Si el plátano con la cinta adhesiva vale 6.2 millones y ni siquiera se te entrega la obra, sino un papel que acredita como que la idea es suya y la puedes vender; lo que se está trasladando es el poder de timar, de robar y de engañar a otro a partir de la misma broma. Pero no existe valor alguno. En tal sentido, hay un sector de la crítica que califica esto como “hamparte”, una forma de hampa o de timo propios de los sectores del arte conceptual que han tomado los espacios en las últimas décadas desde la segunda mitad del siglo XX y que, para bien o para mal, nos han llevado a reflexionar.
No está mal que se haga hamparte, lo que sí es peligroso es el desalojo del arte para hacer ese otro tipo de obras. No es que queramos que los artistas no buceen en ese mundo de los símbolos y de los sentidos a partir de códigos minimalistas, sino que ello se convierta en la única manera de entender la relación entre los públicos y el objeto arte. El desalojo del arte no puede dar sitio a una nueva forma de arte, sino a la muerte de la esencia misma y el beneficio momentáneo del mercado.
“(…) Hay un sector de la crítica que califica esto como ‘hamparte’, una forma de hampa o de timo propios de los sectores del arte conceptual que han tomado los espacios en las últimas décadas desde la segunda mitad del siglo XX y que, para bien o para mal, nos han llevado a reflexionar”.
Todo lo que sea que se esté haciendo en contra de la creación para favorecer su desaparición y metamorfosis en comercio tendría que contar con el látigo hiriente de una crítica que privilegie la expresión genuina. Pero cuando los intereses se sitúan por encima de lo que desde la modernidad se ha entendido como derechos humanos o la noción de lo que es propio de la dignidad de los seres; no hay mucho que contar. Y no nos puede sorprender que ello pase en un mundo donde quienes ganan las demandas en un juzgado son aquellos que poseen más dinero. El propio Cattelán salió airoso de una querella con uno de los artistas que había contratado. Resulta ser que, si bien este último participó, su nombre no aparecía como parte del proceso. Lo trascendente en términos de galerías y de temática VIP era el nombre de Cattelán. Y aunque el derecho de autor es algo que pareciera lógico y parte de las conquistas del siglo pasado, el artista no ganó la demanda porque Cattelán y la industria fueron más fuertes.

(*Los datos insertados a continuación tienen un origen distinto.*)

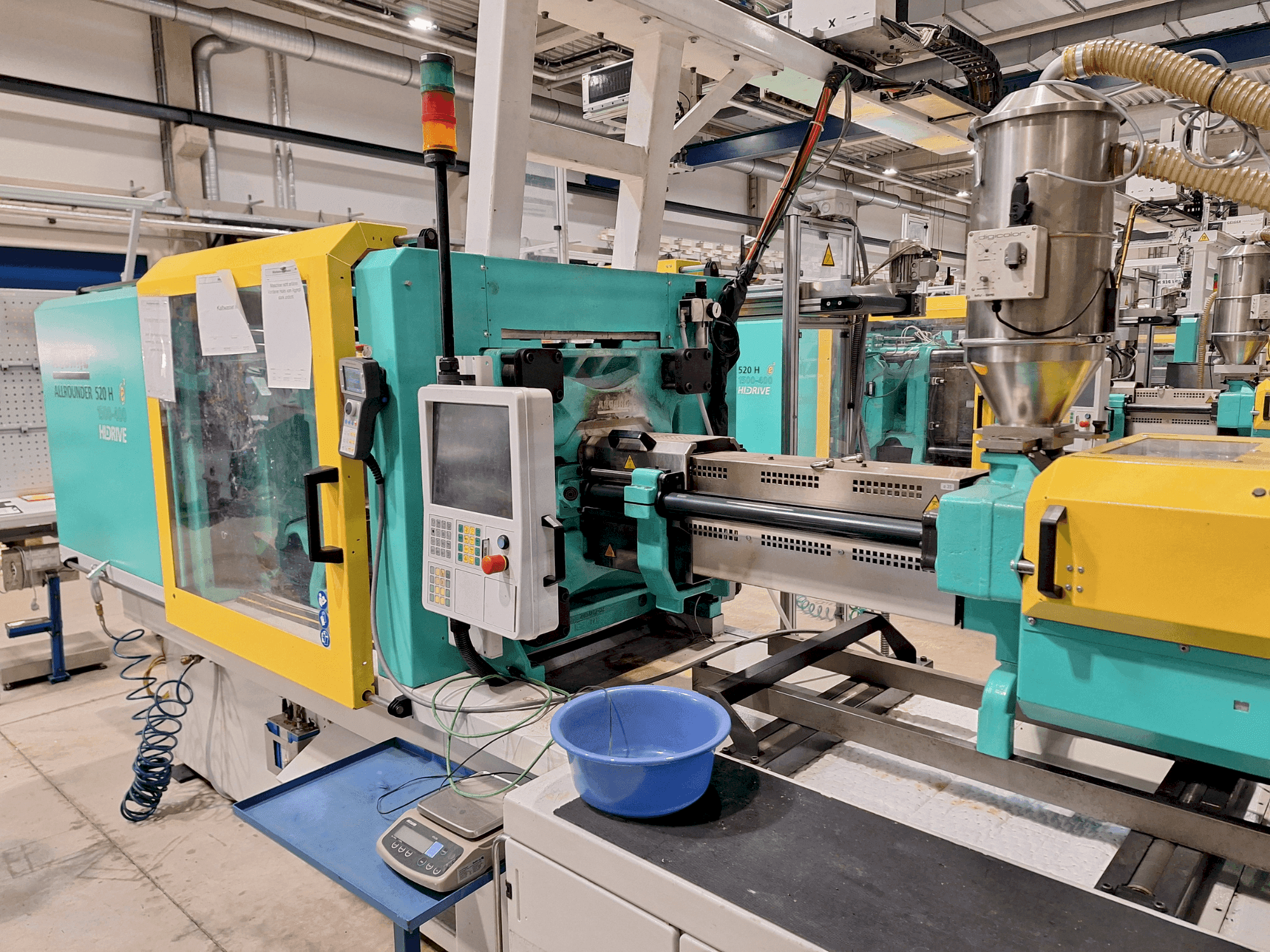 Vista Frontal da Arburg 520 H 1500-400 máquina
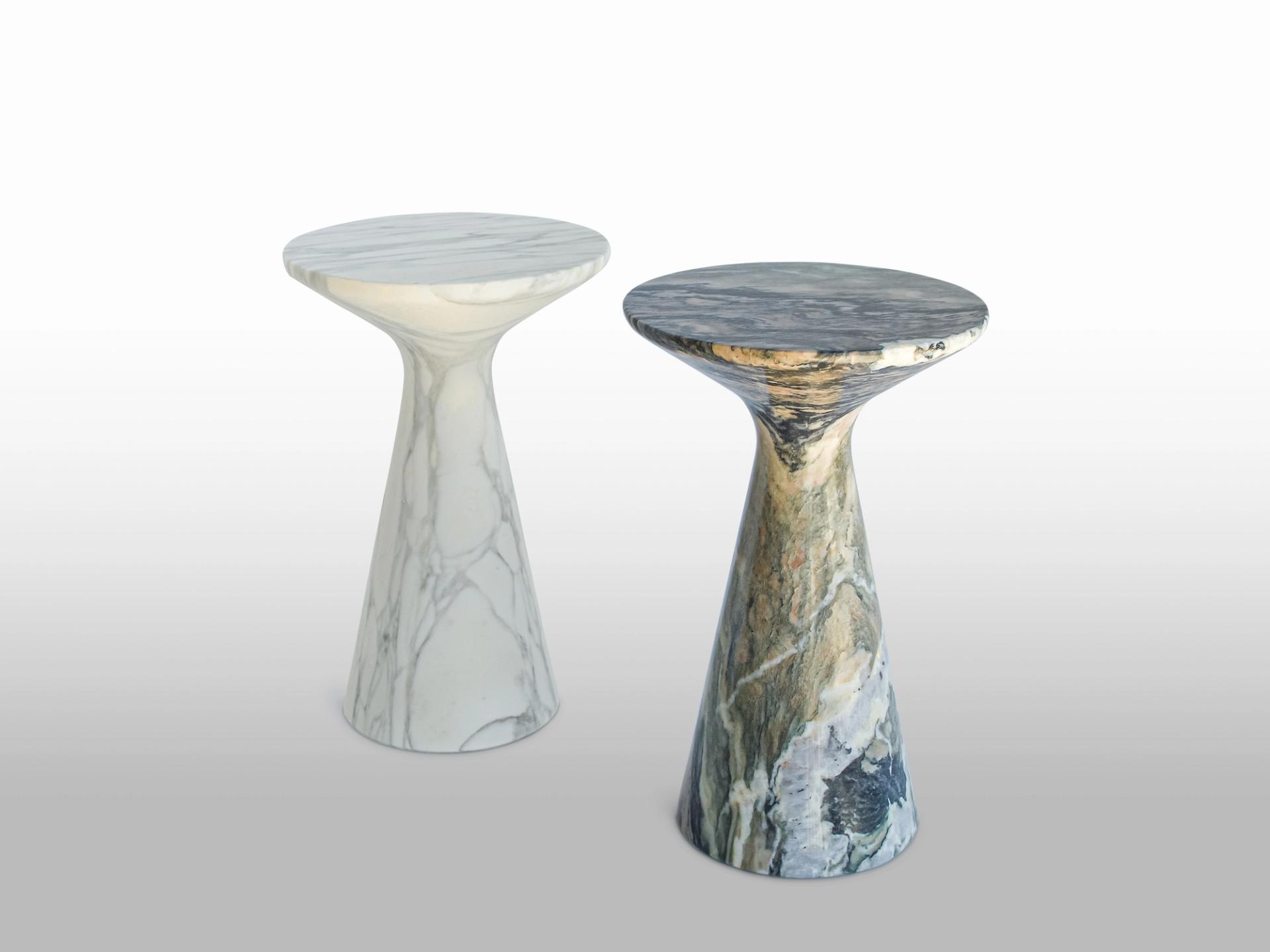 Pawn Side Table (Calacatta)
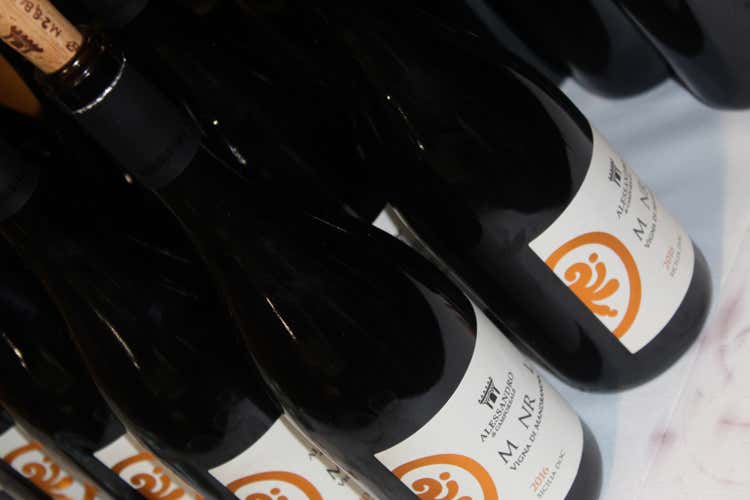 Le etichette della cantina siciliana (Di Camporeale e il Cru Syrah Novit&agrave; nel segno della tradizione)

Entonces es la liquidez de estos tiempos la que está determinando una forma de arte que se suicida antes de poder respirar. Esa asfixia en la cual se sostiene apenas la humanidad es la crisis de los viejos paradigmas y la ausencia de paradigmas de reemplazo lo cual posee su correlato en las artes y en toda forma de producción espiritual. Por ello Cattelán cree lógico y coherente no solo negar los derechos de autor, sino usar la estructura del mercado como soporte y como causa primaria para vertebrar una obra sin alfa ni omega. El no sentido pudiera tener una viabilidad hermosa en un mundo que posee esperanzas de hallar un sentido; pero cuando el vacío es la única lógica que se nos deja, el arte entonces no es otra cosa que un mercenario mediocre.